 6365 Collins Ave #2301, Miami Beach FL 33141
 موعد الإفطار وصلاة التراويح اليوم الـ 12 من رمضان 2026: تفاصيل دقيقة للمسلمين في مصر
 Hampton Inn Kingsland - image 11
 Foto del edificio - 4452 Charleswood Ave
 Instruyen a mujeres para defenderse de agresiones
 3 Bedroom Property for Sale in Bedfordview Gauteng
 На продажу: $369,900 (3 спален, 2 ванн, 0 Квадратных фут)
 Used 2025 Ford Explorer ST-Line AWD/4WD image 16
==
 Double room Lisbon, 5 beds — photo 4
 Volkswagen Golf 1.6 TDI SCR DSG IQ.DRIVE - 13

_Task directions_: All lines above between those holding "Double room Lisbon, 5 beds — photo 4" and "Volkswagen Golf 1.6", inclusive, must be set down unchanged, and no other line may be included.

_Answer section_:
 Double room Lisbon, 5 beds — photo 4
 Volkswagen Golf 1.6 TDI SCR DSG IQ.DRIVE - 13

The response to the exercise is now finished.